Many ENS domain names are of a type that would only be interesting to precisely two classes of actors: (i) the “legitimate owner” of some given name, and (ii) scammers. Furthermore, in some particular cases, the legitimate owner is uniquely underfunded, and scammers are uniquely dangerous. One particular case is MyEtherWallet, an Ethereum wallet provider. MyEtherWallet provides an important public good to the Ethereum ecosystem, making Ethereum easier to use for many thousands of people, but is able to capture only a very small portion of the value that it provides; as a result, the budget that it has for outbidding others for the domain name is low. If a scammer gets their hands on the domain, users trusting MyEtherWallet could easily be tricked into sending all of their ether (or other Ethereum assets) to a scammer. Hence, because there is generally one clear “legitimate owner” for any domain name, a pure property rights regime presents little allocative efficiency loss, and there is a strong overriding public interest toward stability of reference (ie. a domain that’s legitimate one day doesn’t redirect to a scam the next day), so any level of Harberger taxation may well bring more harm than good.

I suggested to the ENS developers the idea of applying Harberger taxes to short domains (eg. abc.eth), but not long ones; the reply was that it would be too complicated to have two classes of names. That said, perhaps there is some version of the proposal that could satisfy the specific constraints here; I would be interested to hear Posner and Weyl’s feedback on this particular application.

I’m not convinced the same reasoning applies for something like chats, because it’s more of a (possibly restricted) rule set, as opposed to a unique “poor” identity that people use for transacting a lot of value (MEW counter example).

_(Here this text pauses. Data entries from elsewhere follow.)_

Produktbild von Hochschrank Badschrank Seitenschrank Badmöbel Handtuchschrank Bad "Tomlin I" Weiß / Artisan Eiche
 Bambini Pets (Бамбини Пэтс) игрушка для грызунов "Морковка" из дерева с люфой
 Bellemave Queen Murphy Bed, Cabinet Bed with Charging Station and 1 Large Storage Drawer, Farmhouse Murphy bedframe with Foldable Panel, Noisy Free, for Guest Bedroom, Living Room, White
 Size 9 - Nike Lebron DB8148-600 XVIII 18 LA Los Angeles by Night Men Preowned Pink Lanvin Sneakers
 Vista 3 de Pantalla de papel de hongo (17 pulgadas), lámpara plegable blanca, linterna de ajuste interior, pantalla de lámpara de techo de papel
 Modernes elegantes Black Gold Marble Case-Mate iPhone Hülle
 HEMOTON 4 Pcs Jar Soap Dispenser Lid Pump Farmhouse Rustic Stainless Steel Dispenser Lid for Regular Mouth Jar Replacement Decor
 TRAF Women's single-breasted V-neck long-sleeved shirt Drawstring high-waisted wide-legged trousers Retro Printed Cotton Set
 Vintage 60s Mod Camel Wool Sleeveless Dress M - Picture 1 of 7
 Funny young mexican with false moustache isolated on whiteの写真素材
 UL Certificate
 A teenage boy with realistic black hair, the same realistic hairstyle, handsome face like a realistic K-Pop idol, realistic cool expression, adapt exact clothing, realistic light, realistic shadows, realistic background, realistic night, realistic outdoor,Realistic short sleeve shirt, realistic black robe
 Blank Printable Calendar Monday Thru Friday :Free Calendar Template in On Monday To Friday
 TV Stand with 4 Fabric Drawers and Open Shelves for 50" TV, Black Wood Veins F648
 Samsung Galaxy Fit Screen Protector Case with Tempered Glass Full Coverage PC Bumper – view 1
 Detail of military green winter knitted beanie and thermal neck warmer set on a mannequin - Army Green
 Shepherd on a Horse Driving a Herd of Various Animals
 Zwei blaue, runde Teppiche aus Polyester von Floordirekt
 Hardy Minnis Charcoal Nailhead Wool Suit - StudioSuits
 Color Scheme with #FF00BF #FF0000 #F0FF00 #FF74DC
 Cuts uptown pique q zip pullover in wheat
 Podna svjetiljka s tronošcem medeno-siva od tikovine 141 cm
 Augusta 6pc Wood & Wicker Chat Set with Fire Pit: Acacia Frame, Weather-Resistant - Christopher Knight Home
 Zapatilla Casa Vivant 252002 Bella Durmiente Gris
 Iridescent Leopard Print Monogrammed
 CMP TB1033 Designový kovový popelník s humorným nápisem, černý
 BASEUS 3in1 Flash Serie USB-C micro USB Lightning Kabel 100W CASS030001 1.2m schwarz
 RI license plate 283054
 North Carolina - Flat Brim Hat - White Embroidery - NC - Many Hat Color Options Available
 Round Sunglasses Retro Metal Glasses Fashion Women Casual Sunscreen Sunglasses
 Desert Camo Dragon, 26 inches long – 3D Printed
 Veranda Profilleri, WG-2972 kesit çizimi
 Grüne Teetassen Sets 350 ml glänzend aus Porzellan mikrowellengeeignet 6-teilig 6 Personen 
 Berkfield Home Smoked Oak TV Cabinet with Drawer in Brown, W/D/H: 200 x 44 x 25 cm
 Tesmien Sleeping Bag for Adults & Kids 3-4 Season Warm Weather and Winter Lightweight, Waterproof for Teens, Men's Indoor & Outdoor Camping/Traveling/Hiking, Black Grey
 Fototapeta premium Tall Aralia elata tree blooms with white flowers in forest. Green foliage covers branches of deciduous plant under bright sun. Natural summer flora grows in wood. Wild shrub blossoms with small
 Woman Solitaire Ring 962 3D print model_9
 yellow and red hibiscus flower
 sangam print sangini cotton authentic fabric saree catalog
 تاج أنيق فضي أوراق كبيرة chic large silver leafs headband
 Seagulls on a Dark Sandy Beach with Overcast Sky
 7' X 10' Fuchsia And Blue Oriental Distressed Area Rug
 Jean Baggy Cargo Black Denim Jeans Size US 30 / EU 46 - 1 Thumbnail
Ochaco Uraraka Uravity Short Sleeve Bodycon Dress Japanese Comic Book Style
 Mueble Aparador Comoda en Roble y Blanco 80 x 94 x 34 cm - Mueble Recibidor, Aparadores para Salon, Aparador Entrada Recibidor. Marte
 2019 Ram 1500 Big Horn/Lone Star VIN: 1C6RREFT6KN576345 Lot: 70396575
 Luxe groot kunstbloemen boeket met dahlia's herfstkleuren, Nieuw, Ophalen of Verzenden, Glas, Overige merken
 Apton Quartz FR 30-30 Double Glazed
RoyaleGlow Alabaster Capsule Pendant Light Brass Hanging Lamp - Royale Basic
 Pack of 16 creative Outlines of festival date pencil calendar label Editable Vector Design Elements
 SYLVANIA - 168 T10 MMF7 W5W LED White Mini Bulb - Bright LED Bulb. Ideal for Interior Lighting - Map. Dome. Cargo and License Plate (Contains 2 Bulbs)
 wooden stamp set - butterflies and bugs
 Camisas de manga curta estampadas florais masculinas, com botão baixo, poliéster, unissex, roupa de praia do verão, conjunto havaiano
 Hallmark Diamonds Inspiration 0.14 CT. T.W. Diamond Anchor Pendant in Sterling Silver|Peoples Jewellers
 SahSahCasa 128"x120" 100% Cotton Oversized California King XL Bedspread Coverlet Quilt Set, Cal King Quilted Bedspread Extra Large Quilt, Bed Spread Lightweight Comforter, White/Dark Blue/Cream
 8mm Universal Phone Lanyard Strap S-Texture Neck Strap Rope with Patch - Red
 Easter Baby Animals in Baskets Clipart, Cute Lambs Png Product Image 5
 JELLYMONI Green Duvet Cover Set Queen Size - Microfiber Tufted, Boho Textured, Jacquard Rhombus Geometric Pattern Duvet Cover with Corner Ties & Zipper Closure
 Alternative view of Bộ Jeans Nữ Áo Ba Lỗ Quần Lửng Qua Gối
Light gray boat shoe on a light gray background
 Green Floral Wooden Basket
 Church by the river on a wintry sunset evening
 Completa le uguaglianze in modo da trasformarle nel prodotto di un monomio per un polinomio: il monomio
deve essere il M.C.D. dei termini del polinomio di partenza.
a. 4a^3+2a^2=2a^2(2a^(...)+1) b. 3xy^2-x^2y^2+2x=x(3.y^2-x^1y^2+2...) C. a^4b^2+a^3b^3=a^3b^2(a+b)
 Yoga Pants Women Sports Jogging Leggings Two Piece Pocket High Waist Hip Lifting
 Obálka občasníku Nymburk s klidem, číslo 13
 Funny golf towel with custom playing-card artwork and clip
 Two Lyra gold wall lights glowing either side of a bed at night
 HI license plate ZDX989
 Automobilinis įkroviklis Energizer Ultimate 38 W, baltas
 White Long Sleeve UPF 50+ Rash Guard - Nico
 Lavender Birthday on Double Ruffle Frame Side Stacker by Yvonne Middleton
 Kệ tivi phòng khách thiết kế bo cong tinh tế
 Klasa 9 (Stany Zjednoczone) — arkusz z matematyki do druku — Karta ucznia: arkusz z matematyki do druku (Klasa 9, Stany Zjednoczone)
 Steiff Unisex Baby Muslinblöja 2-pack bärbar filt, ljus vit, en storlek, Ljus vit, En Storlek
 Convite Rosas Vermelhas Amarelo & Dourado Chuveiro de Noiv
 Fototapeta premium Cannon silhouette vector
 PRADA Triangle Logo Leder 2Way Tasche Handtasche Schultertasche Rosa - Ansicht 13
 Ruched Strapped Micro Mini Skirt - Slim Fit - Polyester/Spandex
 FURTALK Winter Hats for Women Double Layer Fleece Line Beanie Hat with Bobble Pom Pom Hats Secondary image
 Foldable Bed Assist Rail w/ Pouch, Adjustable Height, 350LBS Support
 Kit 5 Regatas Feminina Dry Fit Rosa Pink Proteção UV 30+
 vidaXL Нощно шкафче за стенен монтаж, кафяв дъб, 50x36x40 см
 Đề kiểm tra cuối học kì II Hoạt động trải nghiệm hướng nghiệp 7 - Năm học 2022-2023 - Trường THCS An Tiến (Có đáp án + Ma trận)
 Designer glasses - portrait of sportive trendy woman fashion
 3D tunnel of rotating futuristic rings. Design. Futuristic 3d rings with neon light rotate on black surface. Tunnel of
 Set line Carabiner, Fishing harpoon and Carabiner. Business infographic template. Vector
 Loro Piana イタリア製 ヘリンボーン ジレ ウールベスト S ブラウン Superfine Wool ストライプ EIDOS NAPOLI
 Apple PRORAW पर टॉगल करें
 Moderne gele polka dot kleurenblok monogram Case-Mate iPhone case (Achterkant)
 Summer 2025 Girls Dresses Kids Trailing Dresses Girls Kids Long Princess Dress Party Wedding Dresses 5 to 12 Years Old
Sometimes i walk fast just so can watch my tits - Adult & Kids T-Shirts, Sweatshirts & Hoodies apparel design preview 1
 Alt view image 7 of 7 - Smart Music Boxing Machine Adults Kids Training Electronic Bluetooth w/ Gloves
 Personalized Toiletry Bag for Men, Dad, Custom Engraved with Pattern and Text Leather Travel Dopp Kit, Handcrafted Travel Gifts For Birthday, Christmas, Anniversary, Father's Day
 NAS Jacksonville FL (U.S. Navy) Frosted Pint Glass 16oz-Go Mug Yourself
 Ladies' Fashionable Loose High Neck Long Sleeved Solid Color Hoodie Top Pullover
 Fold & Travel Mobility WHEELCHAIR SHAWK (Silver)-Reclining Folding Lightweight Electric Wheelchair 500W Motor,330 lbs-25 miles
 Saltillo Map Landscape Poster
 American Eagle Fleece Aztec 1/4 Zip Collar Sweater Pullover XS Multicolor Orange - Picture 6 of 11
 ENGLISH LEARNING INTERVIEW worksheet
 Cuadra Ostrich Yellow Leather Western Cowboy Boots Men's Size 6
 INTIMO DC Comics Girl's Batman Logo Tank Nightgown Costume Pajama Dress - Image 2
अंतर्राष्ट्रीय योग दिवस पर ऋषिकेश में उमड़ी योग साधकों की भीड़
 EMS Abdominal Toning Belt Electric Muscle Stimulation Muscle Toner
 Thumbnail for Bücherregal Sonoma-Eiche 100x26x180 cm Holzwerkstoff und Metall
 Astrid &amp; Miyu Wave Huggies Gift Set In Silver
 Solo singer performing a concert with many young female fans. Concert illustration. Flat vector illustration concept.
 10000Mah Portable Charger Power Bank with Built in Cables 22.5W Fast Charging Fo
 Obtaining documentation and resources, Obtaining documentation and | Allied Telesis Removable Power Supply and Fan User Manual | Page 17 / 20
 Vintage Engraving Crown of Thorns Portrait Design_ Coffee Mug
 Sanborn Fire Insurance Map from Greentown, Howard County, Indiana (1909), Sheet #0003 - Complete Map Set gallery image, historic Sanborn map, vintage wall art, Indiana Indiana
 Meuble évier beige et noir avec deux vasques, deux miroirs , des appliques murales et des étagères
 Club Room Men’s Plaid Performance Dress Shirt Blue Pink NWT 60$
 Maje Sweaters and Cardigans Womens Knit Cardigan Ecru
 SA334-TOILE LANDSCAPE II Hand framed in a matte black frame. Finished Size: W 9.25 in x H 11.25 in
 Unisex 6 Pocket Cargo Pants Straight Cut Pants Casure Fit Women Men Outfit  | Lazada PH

Yaaaaaas @oskarth :heart: This is a very interesting idea. Would be great to hear from @rramos about the similarities/differences with the current Tribute To Talk contracts and idea (which are basically your club chats afaict), and whether the two can usefully coexist, or which is better.

Interesting idea! Reminds me of what Swarm City is doing with hashtags

Also see a recent proposal I had related to public chats and default extensions: Status.app

Nice use case for SNT!

One thing we need to think is that implementing Harbinger Taxes might need that we implement some mechanism for subscriptions, since applying a tax is akin to paying to a subscription. There are already some research going on with this: https://github.com/ethereum/EIPs/blob/503b416bb202713587a756f850a7037e57f8e7ad/EIPS/eip-1337.md and I think this idea is something that could benefit from the use of the gas relayer, to keep staking simple without dealing with ether.

Regarding @cryptowanderer 's idea of TributeToTalk coexisting with this, TtT is intended to be used as a economic “blacklist” meaning “If you don’t pay the required fee, you will not be able to talk with a contact”. How tribute to talk could be extended to coexist with this idea? Tribute to talk is currently coded in a way that you set a fee value, and that’s it. You would just have to wait for people to pay you SNT to talk with you.

If we were to “radicalize” Tribute to Talk, to be used with public chats, it would be more of a “Tribute to Join”. I would see it as economic rules for joining a public channel. If we set a fee for people to join a channel, the channel would be taxed based on the fee set. If the channel runs out of funds to pay for the “Tribute to Join” taxes, then people will be able to join the channel without having to pay fees.